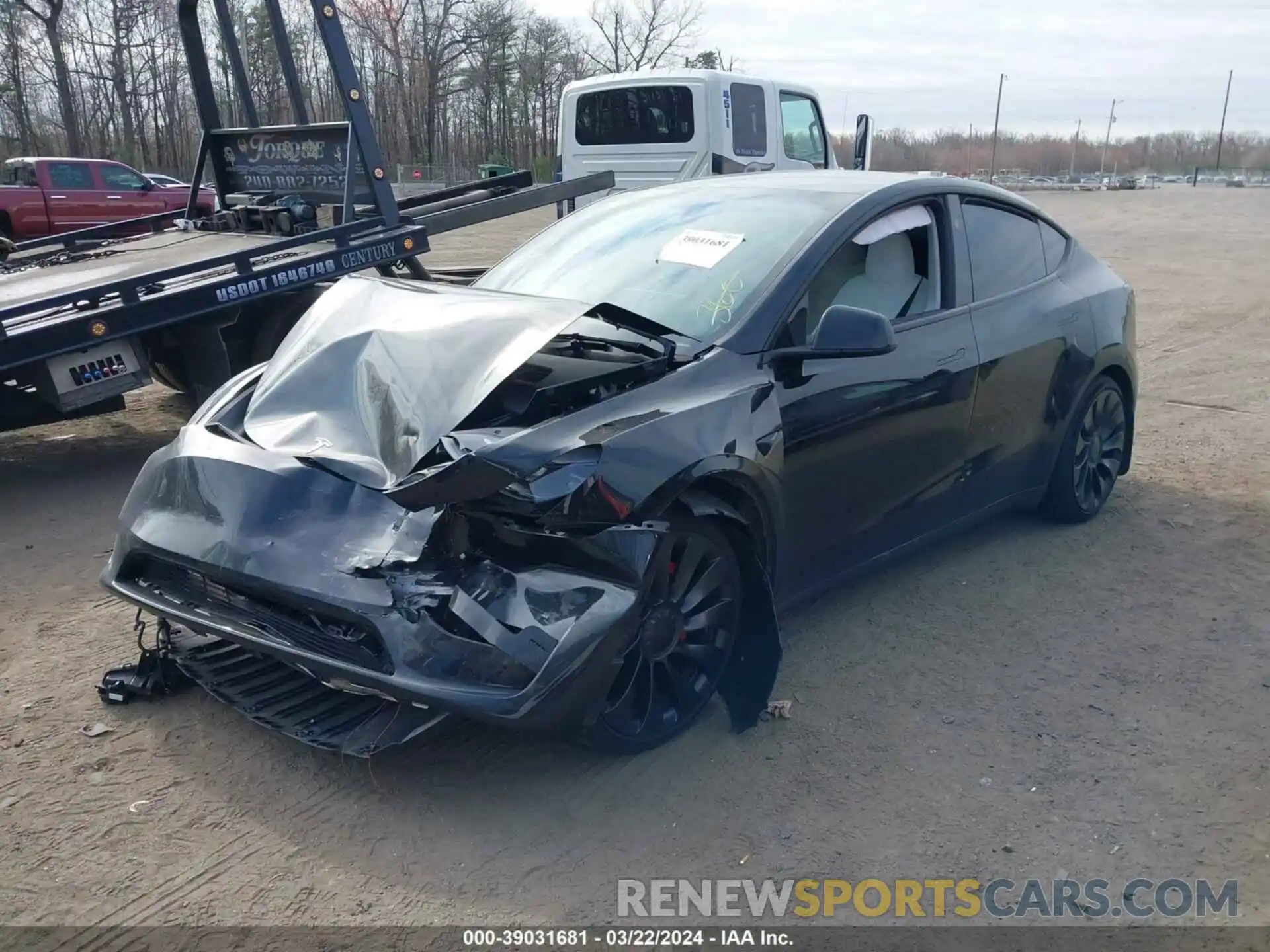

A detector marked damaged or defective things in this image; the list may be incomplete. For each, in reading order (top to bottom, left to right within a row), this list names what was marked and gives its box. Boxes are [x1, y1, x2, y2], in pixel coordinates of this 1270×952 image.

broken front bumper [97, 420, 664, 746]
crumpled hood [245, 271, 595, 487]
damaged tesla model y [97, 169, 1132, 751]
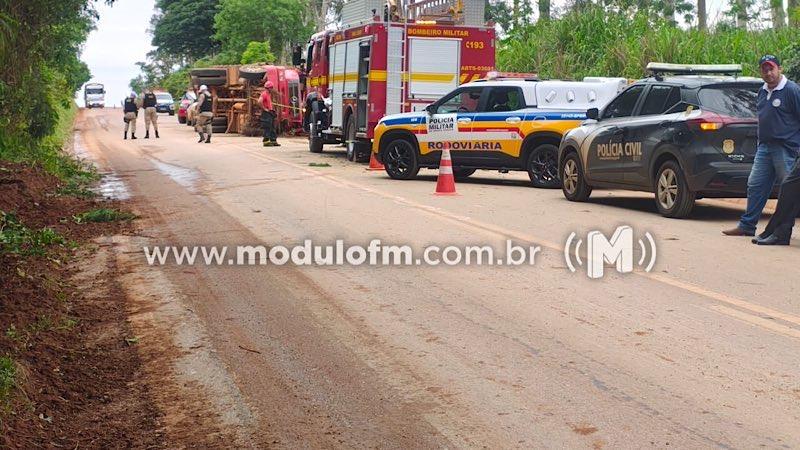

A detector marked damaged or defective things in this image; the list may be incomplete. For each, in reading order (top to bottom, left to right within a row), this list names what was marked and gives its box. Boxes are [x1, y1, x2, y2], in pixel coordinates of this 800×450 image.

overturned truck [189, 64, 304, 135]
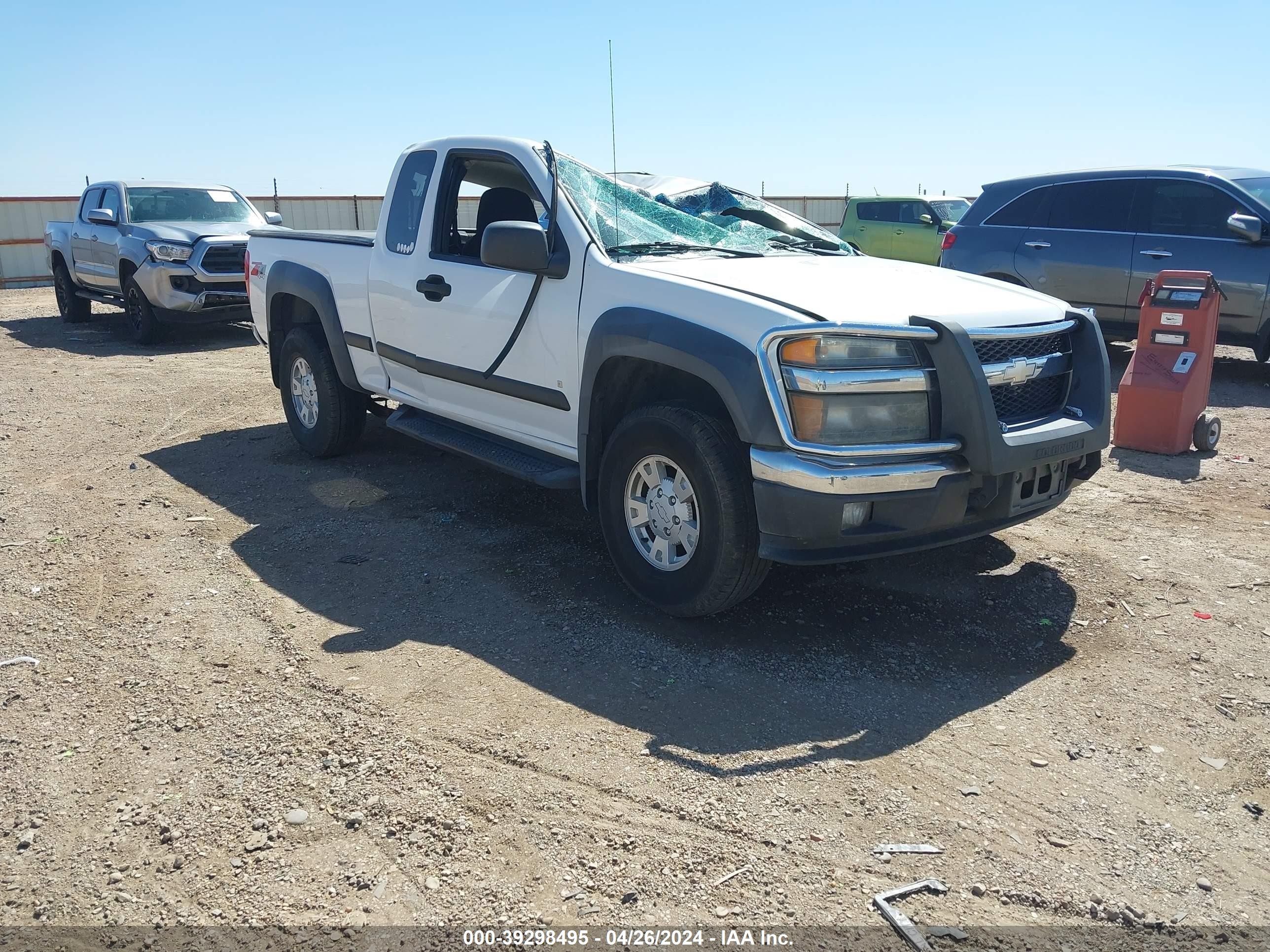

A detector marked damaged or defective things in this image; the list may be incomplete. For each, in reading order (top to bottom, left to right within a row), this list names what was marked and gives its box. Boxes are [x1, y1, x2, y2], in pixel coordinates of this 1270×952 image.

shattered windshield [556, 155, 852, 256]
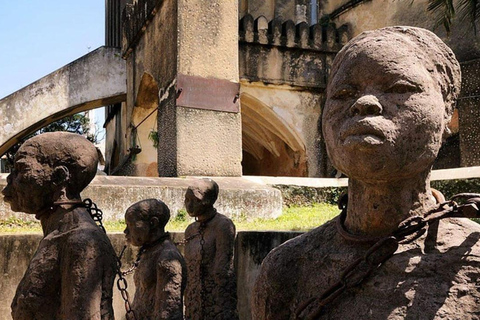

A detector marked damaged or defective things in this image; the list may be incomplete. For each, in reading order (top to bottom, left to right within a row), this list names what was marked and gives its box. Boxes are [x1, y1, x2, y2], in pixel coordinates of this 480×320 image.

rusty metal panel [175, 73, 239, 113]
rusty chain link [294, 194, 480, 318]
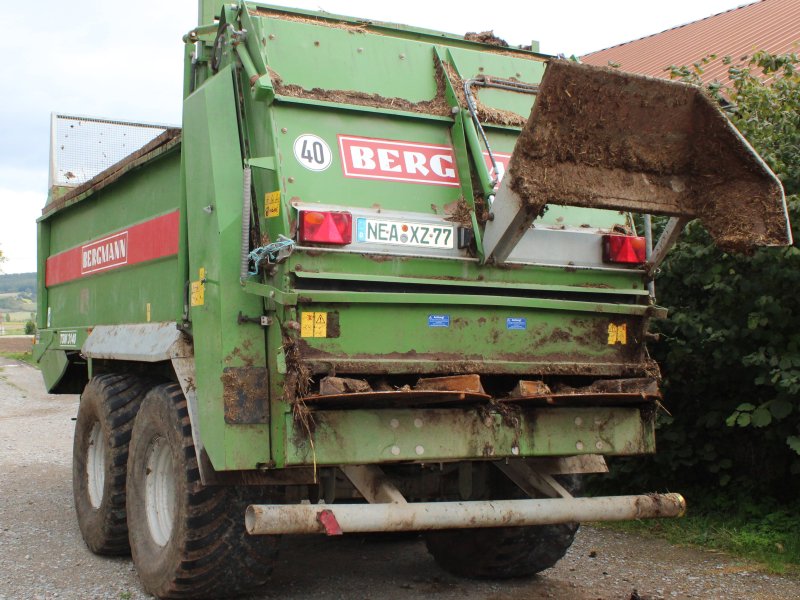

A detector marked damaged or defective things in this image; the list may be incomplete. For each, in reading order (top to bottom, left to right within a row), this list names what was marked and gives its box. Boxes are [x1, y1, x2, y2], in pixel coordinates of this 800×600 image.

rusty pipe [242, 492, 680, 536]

◆ **What the task requires**: Exactly as written, give every entry again, but not the pictures.

◆ **Written reply**:
A detector marked damaged or defective things in this image; the list may be incomplete. For each, in reading order (top to bottom, left to right within a row), this list names what was marked and gives its box. Boxes are [x1, y1, x2, y2], in pixel coordinates of this 1270×952 image.

broken front bumper [97, 420, 664, 746]
crumpled hood [245, 271, 595, 487]
damaged tesla model y [97, 169, 1132, 751]

A detector marked damaged or defective things in this image; the list may be incomplete. For each, in reading order (top to bottom, left to right within a row), this list names what was marked and gives its box. Boxes are [x1, y1, x2, y2], in pixel coordinates of this 800×450 image.

overturned truck [189, 64, 304, 135]

A detector marked damaged or defective things in this image; the list may be incomplete. For each, in reading order (top to bottom, left to right within a row), this list names what was marked and gives its box. Boxes are [x1, y1, x2, y2], in pixel coordinates of this 1270×952 image.

shattered windshield [556, 155, 852, 256]

A detector marked damaged or defective things in this image; the list may be incomplete. For each, in reading order (top to bottom, left to right within a row), this list names what was marked and gives its box. Boxes are [x1, y1, x2, y2], in pixel coordinates of this 480×320 image.

rusty metal panel [175, 73, 239, 113]
rusty chain link [294, 194, 480, 318]

A detector marked damaged or defective things in this image; the list may be incomplete. For each, in reading order (top to bottom, left to right within a row), this list names what was marked and gives its box. Boxes are [x1, y1, x2, y2], in pixel coordinates of this 800×600 image.

rusty pipe [242, 492, 680, 536]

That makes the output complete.